As cybersecurity concerns move more companies to batten down employee use of external email accounts and other websites through blocking software and other measures, the DOJ’s recently issued FCPA Corporate Enforcement Policy—now incorporated in the U.S. Attorneys’ Manual—unequivocally states that companies seeking full cooperation credit from DOJ in FCPA cases must ensure that employees are prohibited “from using software that generates but does not appropriately retain business records or communications,” among other business-record retention measures. Even setting aside the difficulties in policing “old” technology such as personal email accounts and text messaging on employee-owned devices, the constant evolution and emergence of new electronic messaging platforms will undoubtedly create significant challenges for companies seeking to satisfy DOJ’s expectations.

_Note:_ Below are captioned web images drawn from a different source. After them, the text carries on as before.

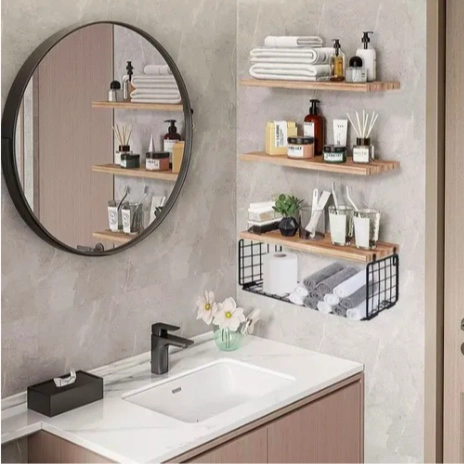 SET 3X ESTANTE ORGANIZADOR BAÑO REPISAS FLOTANTES - 2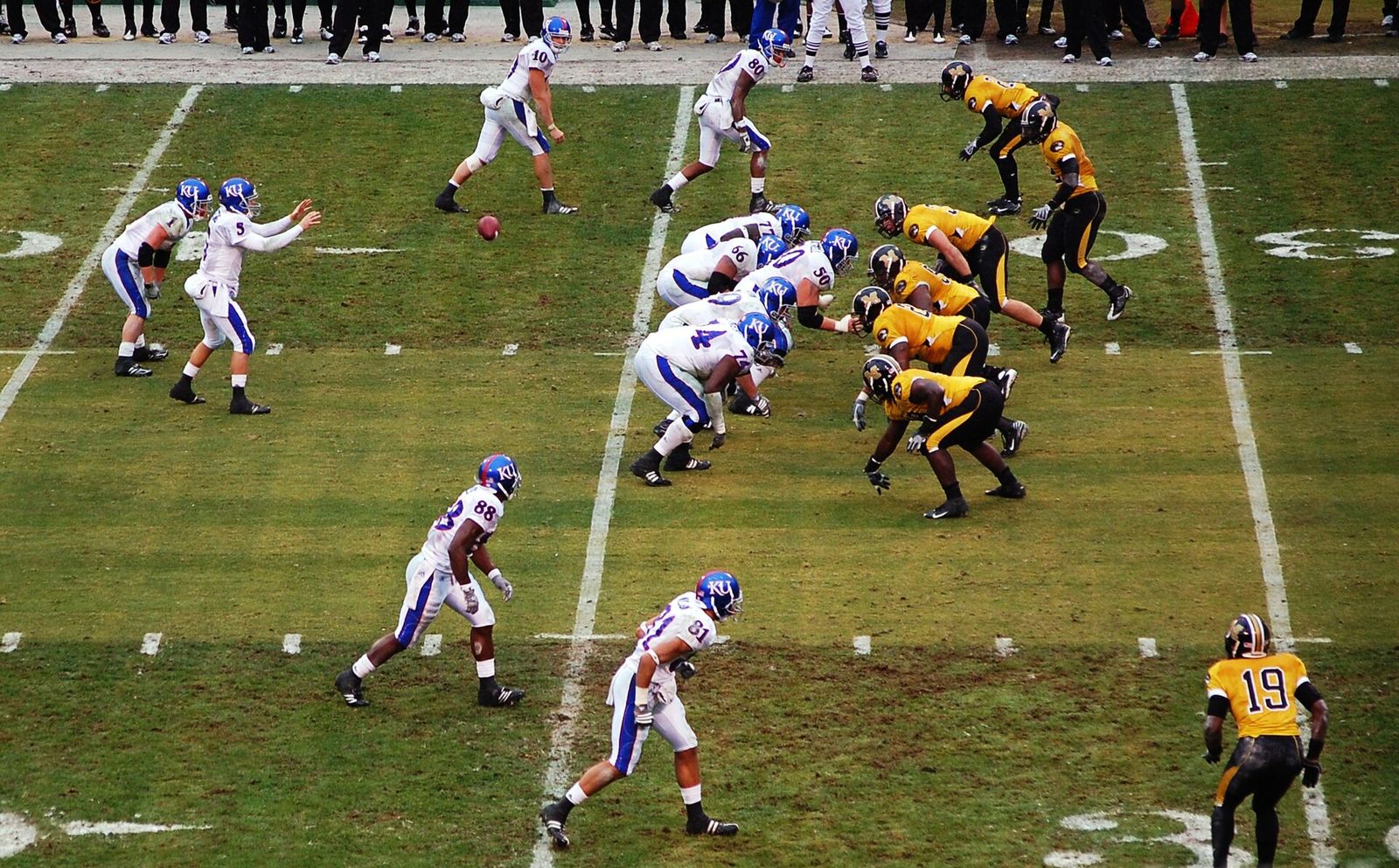 Kansas Jayhawks vs. Missouri Tigers on November 29, 2008. KU defeated Mizzou 40–37.
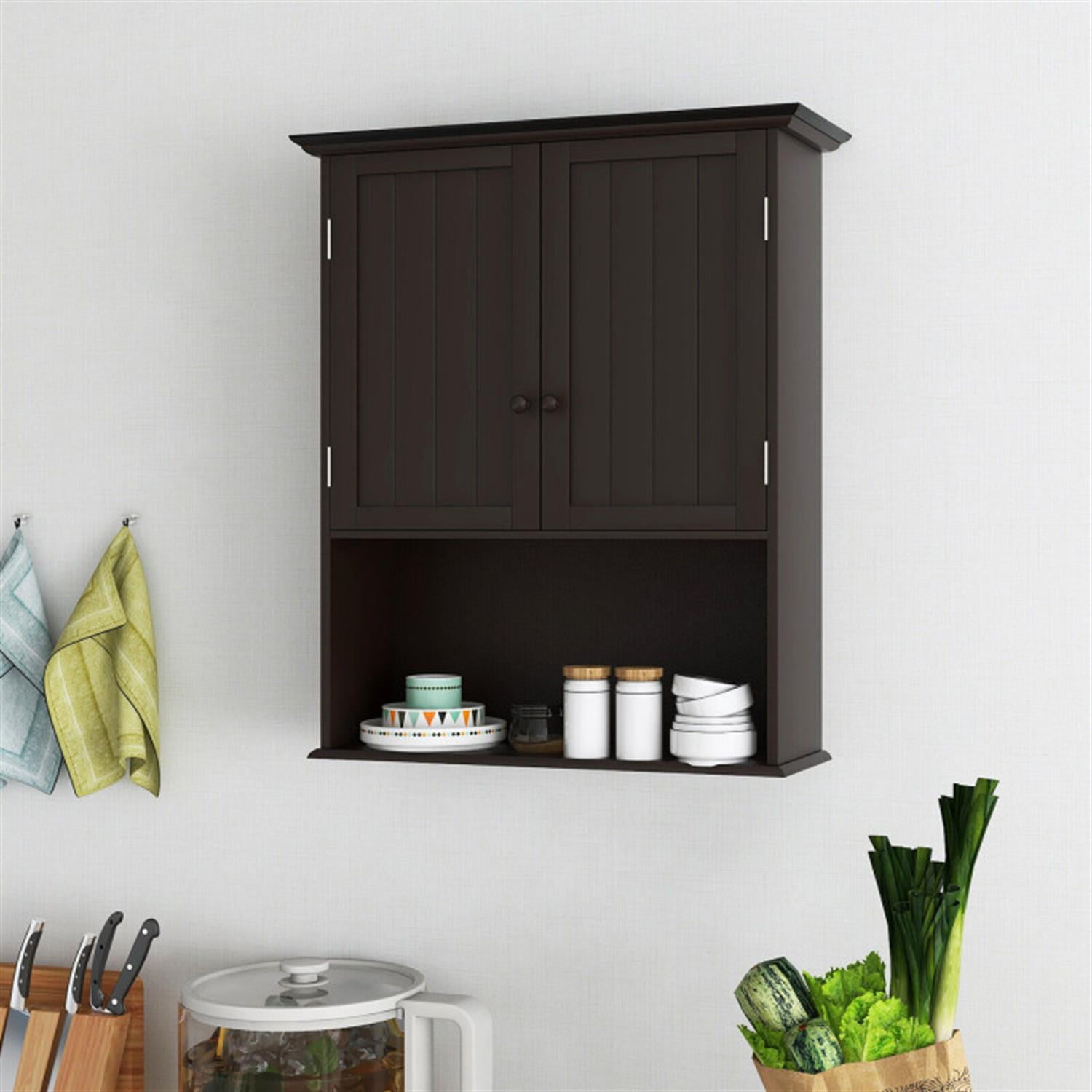 Demi Bonn Wall Mounted Bathroom Cabinet, Medicine Cabinet, 2-Door Wall Mount Bathroom Storage Cabinet with Open Shelf for Kitchen, Entryway, Bathroom, Brown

Former FCPA Unit prosecutor Pat Pericak—now a Senior Managing Director at FTI Consulting—acknowledged the difficulties that companies are likely to face in policing employee electronic communications, particularly on devices that are not owned or controlled by the corporation. That said, Pericak believes that there are a number of actions within a company’s control that would demonstrate a good-faith effort to meet the standard set forth by the DOJ’s updated policy. Specifically, companies can:
- Ensure internal policies require that employees use their company-owned devices and not their personal devices for communications and storage of company records (with reasonable exceptions to accommodate emergency situations);
- Ensure that company devices are programmed and monitored to block the installation of software that is not in conformance with DOJ expectations on data retention;
- Within the confines of the relevant jurisdiction’s data privacy and employment laws, periodically spot-check or request self-certifications to make sure that employees are not using personal devices;
- Encourage employees to report violations of company policies, including violations of any policy prohibiting the use of personal devices for company communications and storage of company records; and
- Meaningfully discipline employees who violate the policy.
Given the myriad obstacles companies face in policing, retaining and collecting data from foreign locations, the DOJ’s latest move only raises the bar higher. Companies conducting business outside the U.S. should be aware that the DOJ is not dialing back its hefty expectations, notwithstanding the very real challenges ahead.